A training package consisting of MET, rules, modeling, practice, and feedback (e.g., praise and error correction) increased correct trick-playing behavior for all four participants. Generalization was observed across novel, untrained tricks that were independently developed and implemented by participants, therefore suggesting that trick-creation and trick-playing can potentially be strengthened as a larger generalized operant (Dixon et al., 2021). Social validity measures found that parents believed the goals, procedures, and outcomes to be acceptable.
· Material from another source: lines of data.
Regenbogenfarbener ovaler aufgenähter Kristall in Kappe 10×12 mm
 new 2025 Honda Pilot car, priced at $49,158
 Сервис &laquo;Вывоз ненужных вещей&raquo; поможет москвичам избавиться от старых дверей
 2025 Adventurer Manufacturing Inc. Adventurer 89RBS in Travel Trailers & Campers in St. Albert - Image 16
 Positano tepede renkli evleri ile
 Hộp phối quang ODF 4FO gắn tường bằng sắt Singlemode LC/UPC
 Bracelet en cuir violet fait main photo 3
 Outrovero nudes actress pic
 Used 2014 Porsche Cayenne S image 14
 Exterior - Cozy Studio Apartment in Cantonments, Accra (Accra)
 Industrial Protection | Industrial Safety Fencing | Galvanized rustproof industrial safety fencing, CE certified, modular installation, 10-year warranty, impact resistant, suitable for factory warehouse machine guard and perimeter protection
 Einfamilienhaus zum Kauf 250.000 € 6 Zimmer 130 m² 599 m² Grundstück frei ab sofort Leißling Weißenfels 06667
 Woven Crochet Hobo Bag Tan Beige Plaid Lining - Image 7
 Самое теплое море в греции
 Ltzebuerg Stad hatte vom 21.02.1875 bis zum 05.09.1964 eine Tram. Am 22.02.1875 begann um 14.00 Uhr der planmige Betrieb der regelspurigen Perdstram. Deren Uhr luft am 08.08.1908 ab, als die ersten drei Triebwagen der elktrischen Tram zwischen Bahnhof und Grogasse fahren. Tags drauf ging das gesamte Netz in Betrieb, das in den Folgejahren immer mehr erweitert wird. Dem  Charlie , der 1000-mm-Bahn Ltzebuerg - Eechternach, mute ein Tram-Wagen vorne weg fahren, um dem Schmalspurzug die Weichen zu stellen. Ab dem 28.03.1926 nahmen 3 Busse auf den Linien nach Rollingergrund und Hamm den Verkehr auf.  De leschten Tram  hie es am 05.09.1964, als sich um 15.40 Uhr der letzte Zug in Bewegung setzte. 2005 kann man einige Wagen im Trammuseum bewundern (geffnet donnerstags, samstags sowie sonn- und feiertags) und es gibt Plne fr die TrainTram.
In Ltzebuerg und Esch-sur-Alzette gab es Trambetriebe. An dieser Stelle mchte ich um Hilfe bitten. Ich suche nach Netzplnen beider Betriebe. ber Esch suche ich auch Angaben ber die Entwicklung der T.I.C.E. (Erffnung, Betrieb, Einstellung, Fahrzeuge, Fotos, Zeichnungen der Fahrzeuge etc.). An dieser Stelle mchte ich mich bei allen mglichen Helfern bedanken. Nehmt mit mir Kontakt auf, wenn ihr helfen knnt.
Furthermore, inclusion of the criterion of persons being tricked having to identify if the participant gave away the trick represents a potential strength of the study because unique and subtle participant responses that may expose their trick to those who know their personalized facial expressions, body language, and intonation well, was strategically taken into account.

The findings of this study contribute to the existing behavior analytic research literature on teaching complex social skills and nonliteral language (e.g., Persicke et al., 2013; Bergstrom et al., 2016) by offering a systematic evaluation of a training package for teaching Autistic individuals to use deception to play friendly tricks on others. Therefore, it represents a small step in attempting to fill a gap in the literature on teaching complex social repertoires to individuals with developmental disabilities. More important, trick-playing was found to be an efficacious strategy for teaching Autistic individuals to use deception in a friendly and playful manner, rather than maliciously, and teaching procedures for this complex social skill repertoire within a trick-playing context made acquiring the skill fun.

One potential strength of the procedures evaluated in this study is that they focused on creating joyful and fun interactions between Autistic participants and others, rather than focusing on establishing particular topographies of social behavior that are deemed “appropriate” by the neurotypical majority. If playing friendly tricks on each other is experienced as mutually positively reinforcing between Autistic individuals and their neurotypical peers and family members, then it may help create a context for social interactions that are based around shared positive reinforcement, rather than social conformity.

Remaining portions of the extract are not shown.